Die Herzogin: Aufwändig-elegantes Kostümdrama über die skandalumwitterte Aristokratin Georgiana Spencer.
Keira Knightley erweckt die skandalumwitterte Aristokratin Georgiana Spencer in Saul Dibbs aufwändig-elegantem Kostümdrama mit viel Einfühlungsvermögen zum Leben.
Bevor das Wort „It Girl“ überhaupt geprägt wurde, gab es schon eins: Georgiana Cavendish, Herzogin von Devonshire, 1757 als Georgiana Spencer geboren, verstorben 1806. Sie, Ur-Ahnin von Lady Diana Spencer, war eine frühe Personifizierung dieses Begriffs. Mit 16 ehelicht sie den einflussreichen, neun Jahre älteren, fünften Herzog von Devonshire. Kaum verheiratet, erobert sie mit Intelligenz, Schlagfertigkeit und ihrem untrüglichen Gespür für Mode die britische Gesellschaft und mischt auch - höchst ungehörig - auf politischer Ebene kräftig mit.
„Georgiana, Duchess of Devonshire“ heißt Amanda Formans Bestseller-Biografie aus dem Jahre 1998, die Saul Dibb unter dem Titel „The Duchess“ verfilmt hat. Als Protagonistin gewann er Keira Knightley, die die langfederigen, höchst unpraktischen Hüte des 18. Jahrhunderts mit gleicher Nonchalance zu tragen versteht wie ihre verwegene Seeräuberkluft in der „Fluch der Karibik“-Reihe. Überhaupt scheint dieses aufwändige Kostümdrama geradezu für sie maßgeschneidert. Nicht nur weil Sie mit ebenmäßigem Gesicht, verheißungsvollem Blick und verschmitztem Lächeln Männerträume von verruchten, skandalumwitterten Aristokratinnen befriedigt, sondern es auch versteht, Georgianas Charisma ebenso verständlich zu machen wie deren immensen Herzschmerz. Und besonders letzteres hatte sie reichlich.

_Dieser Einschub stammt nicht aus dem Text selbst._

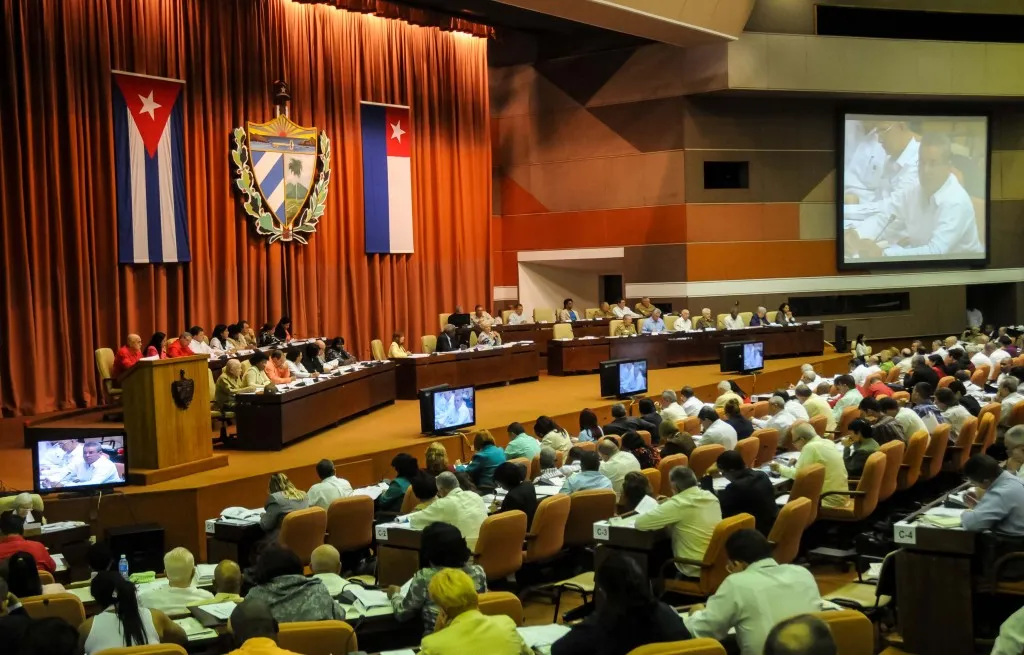 Parlamento cubano con banderas y escudos colgando frente a las cortinas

Mit Freude stürzt sie sich in die von der ehrgeizigen Mama - Charlotte Rampling lässt einen Eisschrank frösteln - arrangierten Hochzeit. Ralph Fiennes gibt den Gemahl, kalt, wortkarg und very british. Seine Hunde behandelt er besser als seine Frau, der Beischlaf dient bei ihm primär der Fortpflanzung. Als es der Herzogin nicht gelingt, einen männlichen Nachfahren zur Welt zu bringen, verliert er an ihr das Interesse. Georgiana beklagt sich bei der Mutter, die rät zur Contenance und merkt an, dass eheliche Turbulenzen am leichtesten mit „Geduld, Standhaftigkeit und Verzicht“ zu überstehen sind. Womit sie bei ihrer heißblütigen Tochter auf taube Ohren stößt. Kopfüber stürzt die sich ins Gesellschaftsleben, avanciert zu dem, was man heute Society-Star und Trendsetter nennt. Da kreuzt zufällig ein alter Verehrer, Charles Grey (Dominic Cooper), seines Zeichens ehrgeiziger Nachwuchspolitiker, ihren Weg.

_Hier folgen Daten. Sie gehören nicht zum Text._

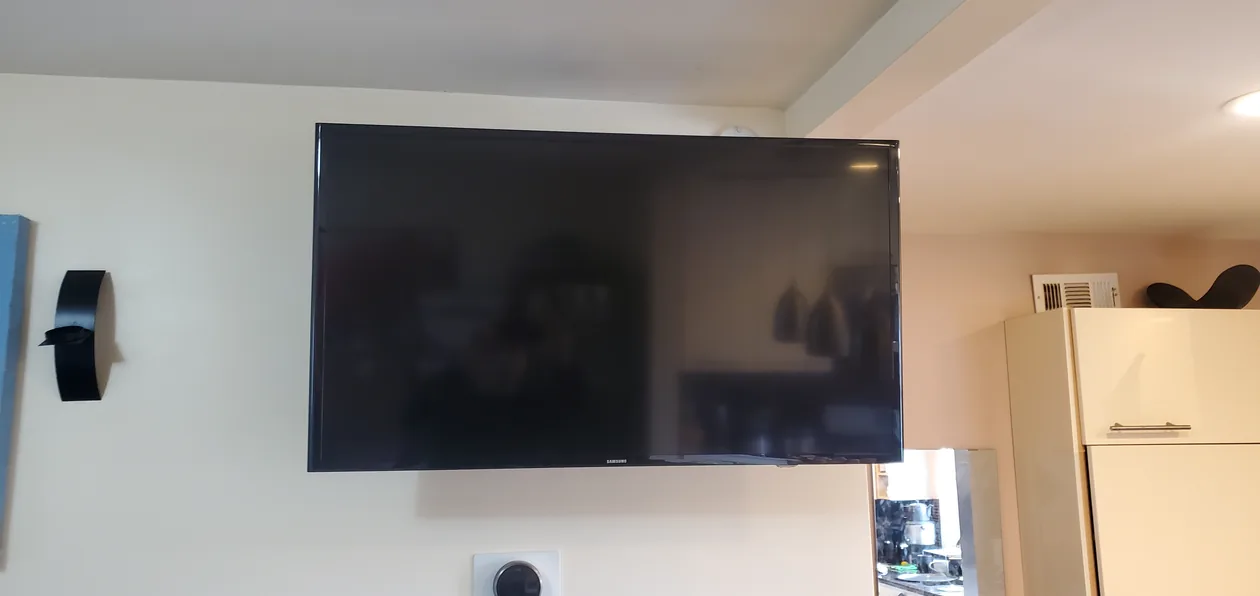 Wall-mounted television above a low cabinet in a bright room.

Leicht hätte dieser saftige Stoff zur semi-royalen, tränenreichen Kolportage im „Goldenen-Blatt“-Stil verkommen können. Doch Dibb vermeidet jedwedes Klischee, fühlt sich vielmehr größtmöglicher historischer Authentizität, verpackt in erlesenen Bildern (Kamera: Gyula Pados) und ziselierten Dialogen, verpflichtet. Zu Rachel Portmans elegantem Score zeichnet er seine Heldin als moderne Frau, die erkennt, dass die Zeichen der Zeit auf Neuerung stehen, sie selbst aber in einem Klassensystem gefangen ist, aus dem es (für sie) kein Entrinnen gibt. Den Geliebten - der spätere Premierminister Grey ist heute eher wegen des nach ihm benannten Tees bekannt - verlässt sie auf Druck ihres Mannes, dessen Mätresse Bess Foster (Hayley Atwell) wiederum zieht auf ihrem Landsitz ein - der Beginn einer Ménage à trois, die bis zu Georgianas Tod Bestand hat. Das kommt einem alles doch irgendwie bekannt vor. geh.